Great news! We can eat flowers! Certain edible kinds, that is! Edible flowers are more abundant than you might think. The flowers growing in your backyard could just very well be the kind you can sprinkle in a salad or decorate a cheese platter with. Flowers added to foods and drinks create instant interest. Guests are always intrigued, surprised and delighted to find these special splashes of color on their plates or plunked in their fizzy drink. Explore with the Herbalista’s the many ways you can bring the outdoor color of flowers on to your table and into your mouth this Holiday Season.

The flavors of the flowers can be mild and subtle and so therefore the ways they may be enjoyed are endless. Get creative and try on salads, cheeses, mixed into butter, and on desserts including ice cream, yum!

Handle with Care: Petals are tender and may wilt if left out too long so use soon after picking.

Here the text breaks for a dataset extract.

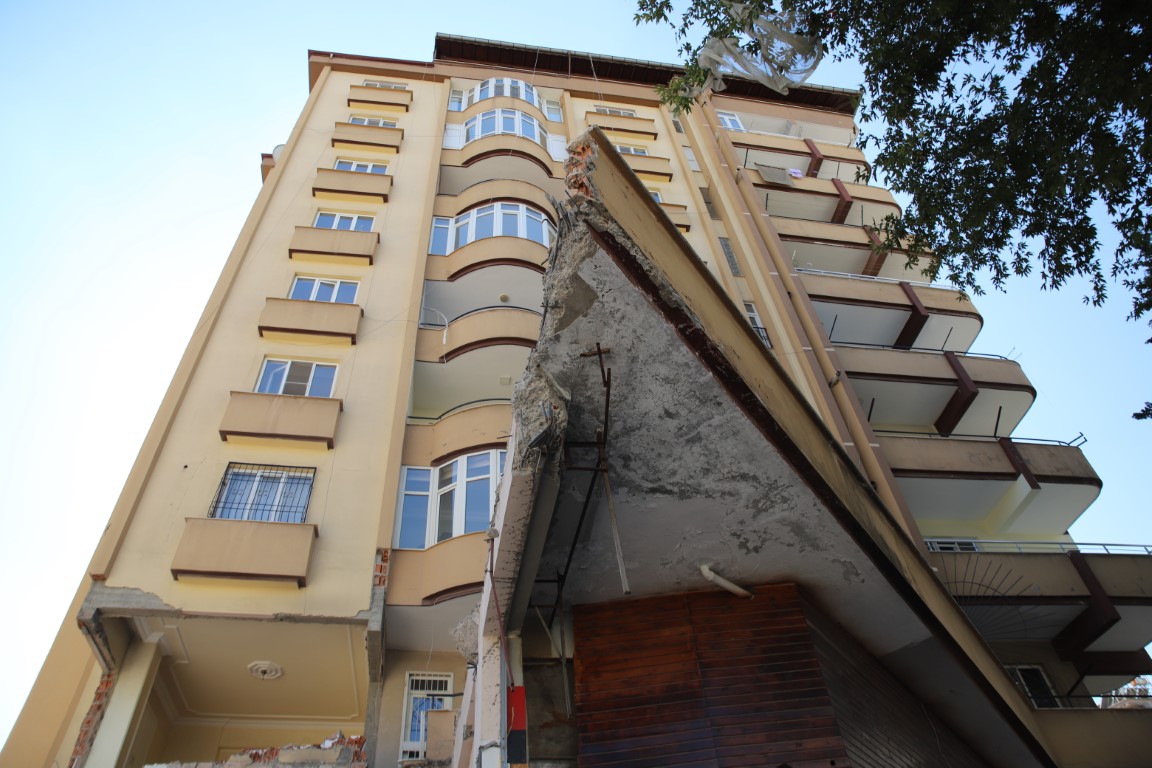 Komşular arasında tartışmaya sebep olan bina için yıkım kararı verildi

You can also store flowers in an airtight container or wrapped in a moistened produce bag or dishtowel. Picking in the earlier morning will help keep moisture in the petals.


For best taste and to avoid eating the pollen, remove the pistils and stamens.

Common Edible Flowers


Bachelor buttons – in salads, on cheeses

Borage – in salads, on cheeses

Chives- salads, soups, cheeses, butters

Calendula – in salads, cheeses

Day lily- with cream cheese filling

Garlic- in butters, cheeses, dips

Lavenders- add to fruit salads, deserts, ice creams, honey

Nasturtium- adds peppery taste in salads, fill with soft cheeses

Pansy-Viola-Johnny-(Jump-Up’s) high in Vitamins A and C. Add to cheeses and fruit dishes

Rose geranium-on cakes, cream cheese, honeys, butters, in sparkling wines, waters

Rose petals – in champagne, bubbly water, on ice cream, desserts

Sages, pineapple sage- on cheese, savory dishes, potatoes, salads

Sweet Williams (dianthus)- salads, as cake decoration

Words of caution:

Always know exactly what you are picking and eating thereby making sure it is safe for consumption and not poisonous.  Grow flowers organically and avoid those grown in conventional nursery’s. Avoid picking flowers along busy roads, or from areas that may have been sprayed with pesticides or other chemicals. Look out for creepy crawlies! And always ask your neighbors before picking from their yard.